Funkcjonariusze chińskiej drogówki, która badała sprawę na miejscu kolizji, przyznali rację Tesli. Ich zdaniem kraksa była efektem nieostrożnej jazdy. Zhang Yazhou prowadziła zbyt szybko i nie zachowała bezpiecznego odstępu. Dodatkowo chiński oddział Tesli opublikował oświadczenie na portalu społecznościowym Weibo.

Podaje w nim wszystkie fakty i zawiadamia opinię publiczną, że bezpieczeństwo jazdy oraz problemy z jakością wykonania są bardzo istotne dla firmy i traktowane przez nią poważnie. Dlatego Tesla powołała w Chinach dedykowany do tego zadania zespół, "Special Handling Team" zajmujący się rozterkami klientów. Być może to trochę pomogło, ale mleko i tak się rozlało.

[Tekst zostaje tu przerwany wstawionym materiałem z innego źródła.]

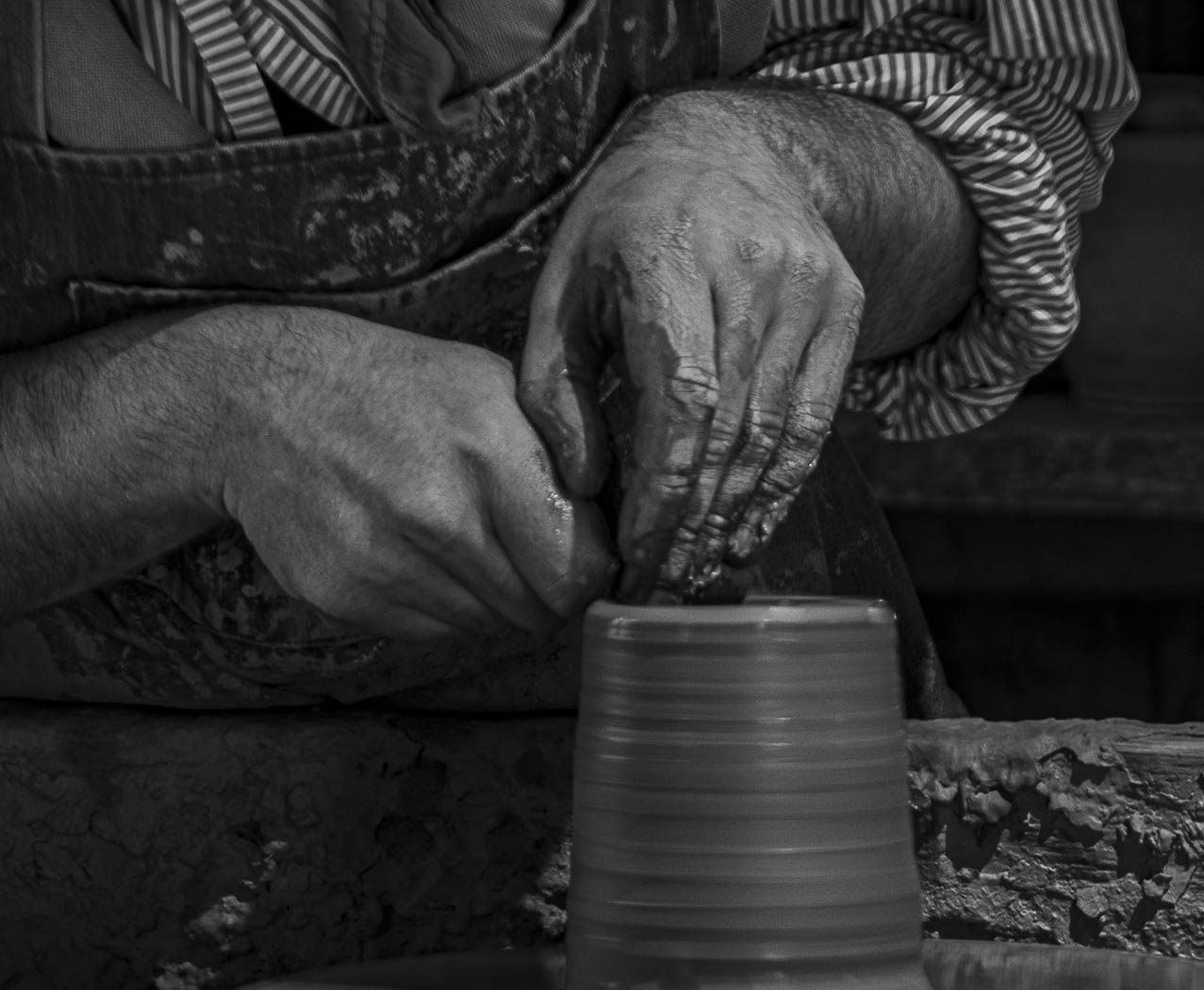 Potter's Hands at Work by Erin Lamb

Część chińskich kierowców przestała ufać swoim Teslom. Podobno ten kryzys zaufania do amerykańskiego produktu w Państwie Środka zaczął się już wcześniej. Wzniecił go wypadek, który wydarzył się w połowie 2020 roku i skutkował pożarem Modelu 3.

Wówczas niektórzy użytkownicy zaczęli podchodzić do elektrycznych samochodów Elona Muska z rezerwą. Wtedy pojawiły się pierwsze kamery filmujące pedał hamulca. Pikiety przed przedstawicielstwem Tesli w Chinach urządzane przez Zhang Yazhou oraz jej ostatni protest na salonie motoryzacyjnym w Szanghaju wzmocniły ten trend.